One place that has remained the same in the midst of all this change is the 65-year-old David Rittenhouse Laboratory (DRL). Since 1954, the Math department, along with Physics and Astronomy, has been housed here, at the southeast corner of 33rd and Walnut Streets. Built in two phases, DRL takes up 243,002 square feet and stretches for a city block. It contains the offices and labs of 86 standing faculty, as well as grad students and post-doctoral fellows, and it provides 20 classrooms used by departments across the School.

While the building itself might resemble a 1950s high school, the departments in it have a history of groundbreaking contributions to their fields. But a building with history is also a building that was not designed for today’s science. DRL is the legacy of an era when government partnered closely with higher education and invested heavily in facilities.
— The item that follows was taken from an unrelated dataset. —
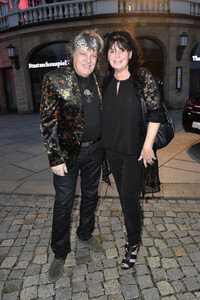 13. Hope Gala 2018 in Dresden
Today, the National Science Foundation, the Department of Defense, foundations, and industry continue to fund individual research studies, and in some cases major scientific equipment. But government support for buildings themselves is now greatly reduced, and universities must find other ways to provide the modern facilities that can attract talented faculty and the graduate students that are the lifeblood of a good science department, to make possible cutting-edge research, and to facilitate excellence in teaching in the sciences.

“Penn had really built nothing since the Depression set in,” says history of art’s David Brownlee, coauthor of “Building America’s First University: An Historical and Architectural Guide to the University of Pennsylvania.” “The DRL showed a reinvestment in West Philadelphia and an engagement with the new scientific mandates of the late 20th century. And it’s our first building that really looks like a modern building.”